Fantasy football is starting to heat up. One way to win leagues is to pick the right rookie(s). However, they are a mystery to solve. There is the unknown with every player, but the solution to greatness is even more difficult with a first-year athlete. We all want that Ja’Marr Chase, Najee Harris, and Garrett Wilson. The goal is to get that rookie star on your roster but not overload it by reaching for the fences.
The draft’s first pick will perfectly fit Frank Reich’s offense. Bryce Young has the accuracy and decision-making to make the offense hum. Combined with his composure and full-field vision, he can be a Rookie of the Year candidate.

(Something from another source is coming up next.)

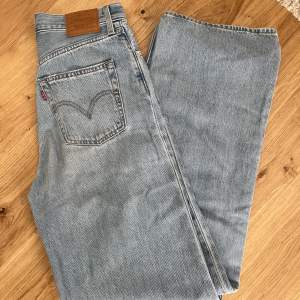 Ett par fina ljusblå jeans från Levis jeans i en straight loose modell. Knappt använda. Storlek 26. Hör av er om ni har några frågor!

He does have an injury risk as his stature at 5-10, 204 pounds, makes his durability a huge question mark. However, the Panthers traded DJ Moore and picks to Chicago to get him. Carolina also surrounded him with weapons as they brought in Adam Thielen, Miles Sanders, DJ Chark, and Hayden Hurst. The Panthers also drafted Jonathan Mingo in the second round.

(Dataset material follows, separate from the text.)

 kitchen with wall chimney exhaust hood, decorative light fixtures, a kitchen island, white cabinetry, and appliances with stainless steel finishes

Bijan Robinson became the highest running back selected since Saquon Barkley. He will take over the backfield that featured Tyler Allgeier and Cordarrelle Patterson last season. He fits any scheme, and his size (215-plus pounds) makes him a bell-cow back.
There will be competition for carries, as Allgeier will retain a role after rushing for over 1,000 yards, and Patterson is a weapon near the goal line and as a receiver. However, Robinson has good hands and can be a weapon outside the backfield.
Even though there will be competition for Robinson, Arthur Smith loves to run the ball, and Robinson will get plenty of opportunities behind a solid offensive line.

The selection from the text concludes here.